I had problems installing it with Virtual PC 2004, different troubles with VM Ware, but it worked like magic on my Mac :? Installed quickly, runs like a charm, on MS's Virtual PC 7 I think it is, and this being on a 6 year old iBook Clamshell, running Mac OS X Panther, which really bogs it down.
I still can't find a fix for installing Win3.1/95/98 on Windows based virtual PC software.
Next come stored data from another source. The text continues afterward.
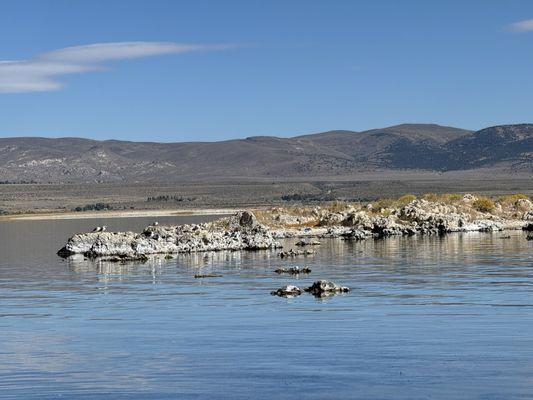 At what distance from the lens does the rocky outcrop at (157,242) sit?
179 ft

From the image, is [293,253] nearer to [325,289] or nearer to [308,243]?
[308,243]

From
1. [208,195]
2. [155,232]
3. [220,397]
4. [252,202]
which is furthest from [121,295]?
[208,195]

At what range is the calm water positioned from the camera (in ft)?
65.9

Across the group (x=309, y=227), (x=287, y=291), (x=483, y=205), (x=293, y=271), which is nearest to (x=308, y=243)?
(x=309, y=227)

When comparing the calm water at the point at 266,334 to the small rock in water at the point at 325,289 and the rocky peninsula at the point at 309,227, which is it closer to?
the small rock in water at the point at 325,289

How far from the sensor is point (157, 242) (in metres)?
55.9

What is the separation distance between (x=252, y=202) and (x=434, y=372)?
143087 millimetres

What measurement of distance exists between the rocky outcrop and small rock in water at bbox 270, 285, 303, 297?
19.4 meters

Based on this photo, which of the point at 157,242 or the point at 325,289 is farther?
the point at 157,242

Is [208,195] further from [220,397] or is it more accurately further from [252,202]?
[220,397]

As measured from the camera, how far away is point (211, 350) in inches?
940

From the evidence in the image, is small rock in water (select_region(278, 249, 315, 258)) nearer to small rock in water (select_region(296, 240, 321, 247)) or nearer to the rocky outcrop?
the rocky outcrop

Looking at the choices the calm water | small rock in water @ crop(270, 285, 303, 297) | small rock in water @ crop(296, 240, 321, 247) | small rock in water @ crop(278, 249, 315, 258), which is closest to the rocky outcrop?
small rock in water @ crop(296, 240, 321, 247)

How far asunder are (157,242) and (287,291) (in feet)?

It's the strangest thing, working fine on another architecture completely, but not on native stuff, heheh.


----------



## Morgoth (Nov 3, 2007)

francis511 said:


> Is this what you mean ?
> 
> http://www.filehippo.com/download_virtual_pc/



thx that's what i need and it works i need to change 2 things in that programm what i cant find  is to change videocard to a more powerfull one right now it says its using an 8mb vram but i want it to 32mb vram and a bether virtual soundcard
so i can play earth2140 on maxium


----------



## Morgoth (Nov 5, 2007)

bump nvm that videocard but can anny one tell me how i can change the emulated soundcard in virtual pc ? to one of these Soundblaster pro 16 / 32 / 64
 gravis ultrasound compatible soundcard cus i dont get anny sound in earth 2140


----------



## von kain (Nov 5, 2007)

virtual pc 2007 is free now microsoft will let downloading at  http://www.microsoft.com/downloads/...02-3199-48A3-AFA2-2DC0B40A73B6&displaylang=en


----------



## Deleted member 3 (Nov 5, 2007)

In VMware you'd have to edit the vmx files, google on how to modify them. You can change vram to 128MB I recall and enable D3D (don't expect miracles here). I know there is 1 other soundcard you can emulate, not sure which though.


----------



## Morgoth (Nov 5, 2007)

i am using virtual pc 2007  but i need the right soundcard emulated


----------



## Deleted member 3 (Nov 5, 2007)

http://www.google.nl/search?hl=nl&q=virtual+pc+change+soundcard&btnG=Google+zoeken&meta=
Google is your friend, 3rd hit seems to answer your question.


----------



## Morgoth (Nov 5, 2007)

thats 2004?


----------